WORK TO COMPLETE:
All of the data goes into your copy exactly as written. Images do not.

EXERCISE DATA:
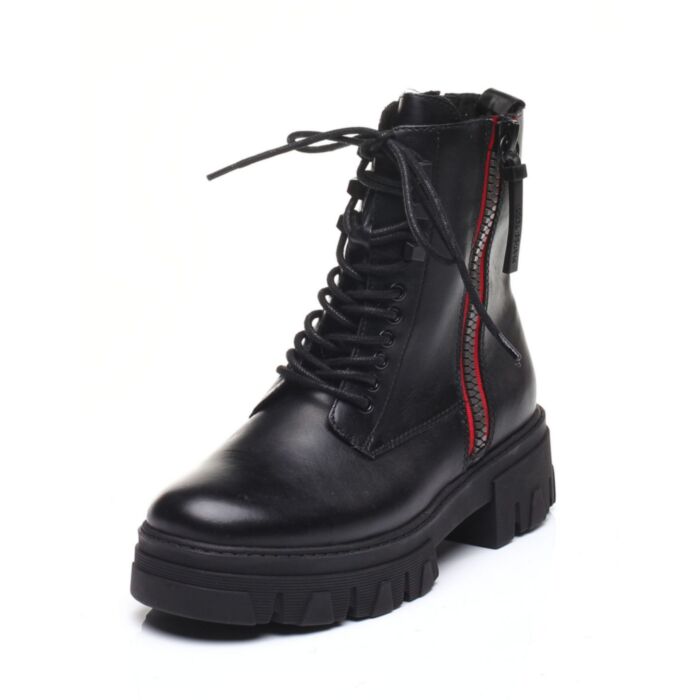 low boots Marco Tozzi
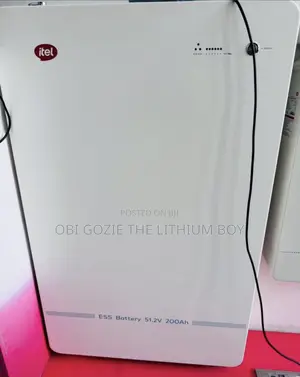 10kwh Itel Solar Lithium Battery Best Itel Importer And Distributor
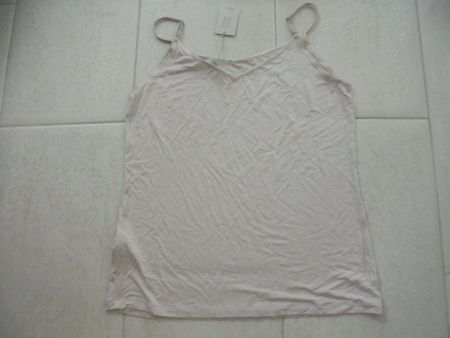 NILE SPAGHETTI TOP GR.XL *NEU*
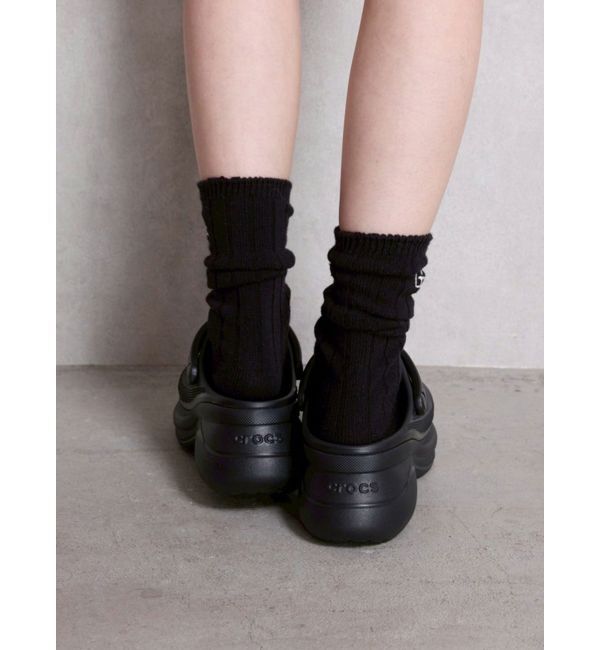 GYDA「CROCS WOMENS CLASSIC BAE CLOG」|サンダル|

COMPLETED EXERCISE:
 low boots Marco Tozzi
 10kwh Itel Solar Lithium Battery Best Itel Importer And Distributor
 NILE SPAGHETTI TOP GR.XL *NEU*
 GYDA「CROCS WOMENS CLASSIC BAE CLOG」|サンダル|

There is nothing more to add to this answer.